There are too many scholarships for basketball--15 is absurd--and too few for soccer and softball. This should be altered by the NCAA, IMO.
I think managing offers, commitments, scholarship money can be tricky. If coaches make a scholarship offer to a player, then they have to be prepared for the player to accept the offer, and I'm sure they are. There is a difference, of course, between making a scholarship offer and expressing interest in a prospect. Some coaches will tell a prospect they are interested but want to keep watching them play and they might want to make an offer down the road--but can't do so quite yet. That is honest; it simply means the coaches aren't sold on the prospect quite yet and are pursuing other prospects whom they think might be better. You can't assume that you will get a scholarship offer in the future; it might come, it might not, which is why players and their families are wise to keep their options open, too. Coaches must also decide how much to offer individual prospects--a full ride, a half a ride, what? Tricky. A player might like a certain school, but that school offers only half a scholly. Coaches might say, I can definitely offer you half a scholarship--and might be able to raise it in a year or so when we see how things play out. This is my guess--I have no first-hand knowledge. The prospect might be seeking a full scholarship, think she can get it, and so without a full offer from one school will look elsewhere. Fair enough.

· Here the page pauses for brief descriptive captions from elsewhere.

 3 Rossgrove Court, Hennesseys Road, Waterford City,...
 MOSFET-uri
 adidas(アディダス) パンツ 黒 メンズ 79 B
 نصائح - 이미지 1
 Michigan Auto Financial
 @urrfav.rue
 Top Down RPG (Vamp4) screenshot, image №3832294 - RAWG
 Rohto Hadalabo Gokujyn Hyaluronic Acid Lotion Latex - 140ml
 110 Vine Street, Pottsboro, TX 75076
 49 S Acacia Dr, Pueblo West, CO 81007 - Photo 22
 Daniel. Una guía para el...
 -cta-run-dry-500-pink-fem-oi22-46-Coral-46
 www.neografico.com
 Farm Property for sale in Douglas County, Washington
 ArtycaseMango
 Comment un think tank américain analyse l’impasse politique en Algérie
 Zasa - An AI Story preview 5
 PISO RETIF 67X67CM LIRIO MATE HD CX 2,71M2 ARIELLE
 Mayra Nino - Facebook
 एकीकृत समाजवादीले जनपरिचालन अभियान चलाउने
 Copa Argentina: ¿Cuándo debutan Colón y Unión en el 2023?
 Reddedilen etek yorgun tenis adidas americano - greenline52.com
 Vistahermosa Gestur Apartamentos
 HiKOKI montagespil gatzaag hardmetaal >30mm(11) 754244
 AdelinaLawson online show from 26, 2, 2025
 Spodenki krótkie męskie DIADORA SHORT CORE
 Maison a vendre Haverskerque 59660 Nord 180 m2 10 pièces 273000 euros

I think, too, that some if not most coaches are always recruiting. If a coach has allocated all his/her spots and money for, say, 2018 by now--and then a coveted blue-chip prospect who's been undecided tells the coach she wants to come to his/her school, what does the coach do? In some, if not many cases coaches may leave a spot or two and money available for such a circumstance. If not, they may go back to a previous commitment and tell her that it turns out they don't have a spot, or the scholarship money they'd thought they had for her, after all--in effect, telling her to look elsewhere so that they can grab the better prospect who decided late. That is the dark side of recruiting, I think. I know this happens in football--often late in the process. I think it happens in all sports, but don't know that for a fact, and of course it is bad form to accept a commitment and then renege. I don't think it happens often, however. Given how early kids commit nowadays, a prospect probably has to time to contact other schools and get other offers if it does happen--assuming the other schools have money available. The only thing that binds a coach to an offer is his/her ethical standards--and most coaches have high ethical standards. And of course prospects can change their minds too. Verbal commitments are not binding until the letter is signed. Most coaches and players honor their commitments, but this is a highly competitive business and sometimes things happen.